## Task prompt
For this exercise, reproduce the entries below exactly, but only from the line containing "POWER HEALTH - Fleriana" through the line containing "Column capital icon", both included.

[Short text fragments from websites]

***

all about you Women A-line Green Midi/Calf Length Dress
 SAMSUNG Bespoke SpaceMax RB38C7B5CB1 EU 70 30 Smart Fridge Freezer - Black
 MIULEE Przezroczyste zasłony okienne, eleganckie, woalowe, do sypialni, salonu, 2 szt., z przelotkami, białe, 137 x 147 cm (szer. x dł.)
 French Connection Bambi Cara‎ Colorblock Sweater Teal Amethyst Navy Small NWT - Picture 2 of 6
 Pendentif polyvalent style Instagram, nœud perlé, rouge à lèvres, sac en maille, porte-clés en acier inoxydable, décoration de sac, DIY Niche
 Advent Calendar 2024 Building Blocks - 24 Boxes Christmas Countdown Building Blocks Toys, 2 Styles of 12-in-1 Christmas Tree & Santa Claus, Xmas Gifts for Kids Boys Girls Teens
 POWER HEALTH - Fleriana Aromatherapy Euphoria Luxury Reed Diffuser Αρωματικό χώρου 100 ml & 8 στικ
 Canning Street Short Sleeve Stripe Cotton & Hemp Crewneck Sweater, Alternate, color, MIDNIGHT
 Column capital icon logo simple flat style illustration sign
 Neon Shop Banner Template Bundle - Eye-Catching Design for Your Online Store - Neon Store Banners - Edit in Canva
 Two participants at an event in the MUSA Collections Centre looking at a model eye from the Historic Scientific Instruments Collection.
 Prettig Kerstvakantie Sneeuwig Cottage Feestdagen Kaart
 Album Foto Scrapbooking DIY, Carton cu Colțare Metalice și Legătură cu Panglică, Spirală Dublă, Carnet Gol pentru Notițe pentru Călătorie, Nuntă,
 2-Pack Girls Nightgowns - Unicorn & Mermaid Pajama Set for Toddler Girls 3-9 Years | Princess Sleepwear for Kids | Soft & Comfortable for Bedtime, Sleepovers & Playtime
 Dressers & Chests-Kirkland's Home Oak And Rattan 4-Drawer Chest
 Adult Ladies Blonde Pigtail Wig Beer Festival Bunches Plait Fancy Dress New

***

## Task result
 POWER HEALTH - Fleriana Aromatherapy Euphoria Luxury Reed Diffuser Αρωματικό χώρου 100 ml & 8 στικ
 Canning Street Short Sleeve Stripe Cotton & Hemp Crewneck Sweater, Alternate, color, MIDNIGHT
 Column capital icon logo simple flat style illustration sign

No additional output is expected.